No one at this hearing said that the proposed increases in physical sciences funding are unwarranted. Beyond the increases for this research in the proposed budgets for the Department of Energy's Office of Science, National Science Foundation, and the National Institute of Standards and Technology, there are considerable misgivings. The February 15 Science Committee hearing was a good indicator of what is ahead.
"Yes there are winners, but also many losers," said Gordon. There was bipartisan opposition to proposed funding reductions for some NSF education programs (see http://www.aip.org/fyi/2006/028.html.) Rep.
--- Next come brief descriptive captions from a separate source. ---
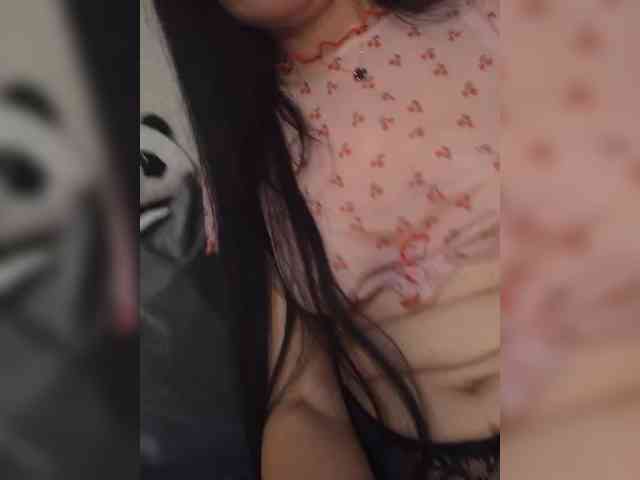 Black_chick webcam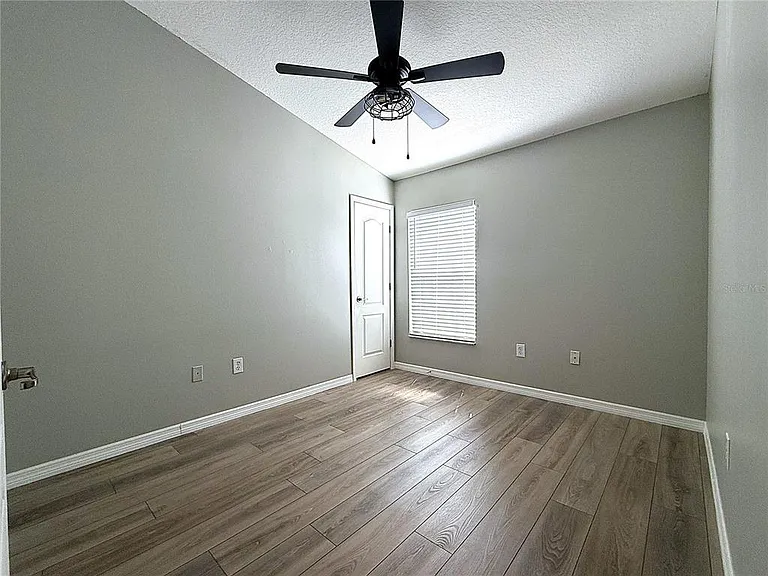 31203 Flannery Ct — Photo 11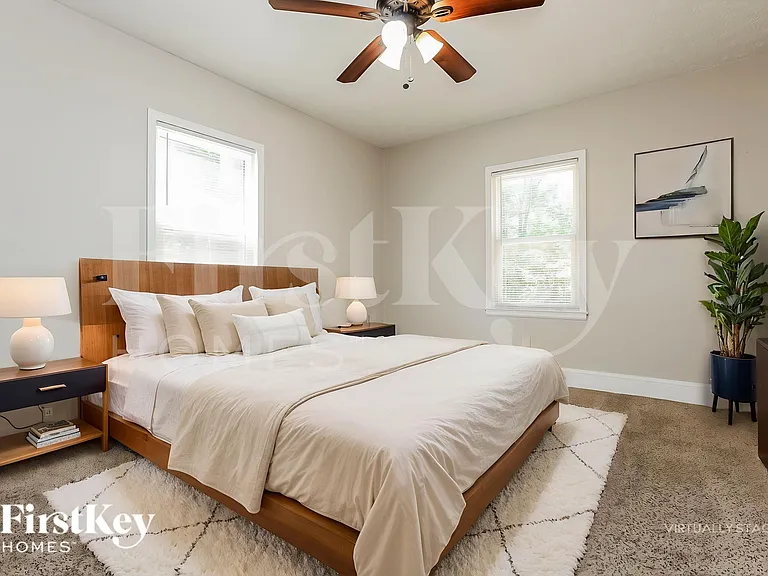 1731 N Olympian Way SW — Photo 11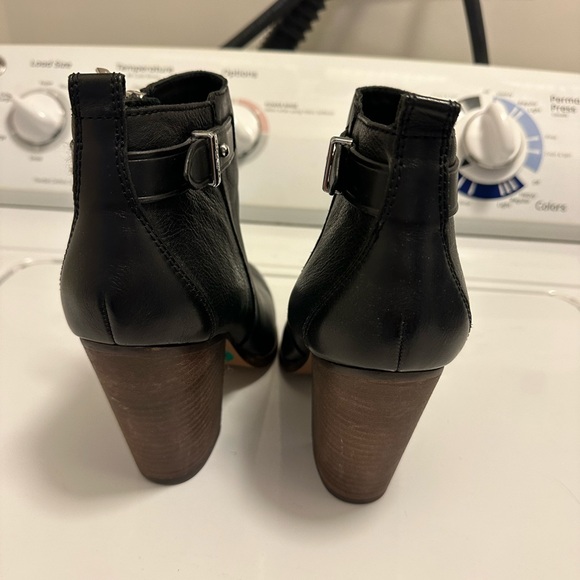 Coach zip ankle booties size 8 - Picture 7 of 11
Vernon Ehlers (R-MI) highlighted this in his written remarks, saying "these budget choices seriously undercut the ACI's [American Competitiveness Initiative] goals to improve math and science education and to ensure that America has an educated workforce capable of competing in the global economy." Also disputed was the Administration's request to greatly reduce NIST's Manufacturing Extension Partnership budget (see http://www.aip.org/fyi/2006/024.html) with Boehlert saying "it ain't gonna fly." Committee members expressed opposition to the Administration's attempt to once again terminate the Advanced Technology Program. Not surprisingly, Rep. Dana Rohrabacher (R-CA) expressed opposition to funding for climate change research. Energy Secretary Samuel Bodman was asked about the future of the Rare Isotope Accelerator by Rep. Joe Schwarz (R-MI), who urged Bodman to "think big, please." Bodman replied that the accelerator was being delayed for five years because DOE "couldn't afford it," although some planning money was included in the request. Bodman added that this was "not happy news."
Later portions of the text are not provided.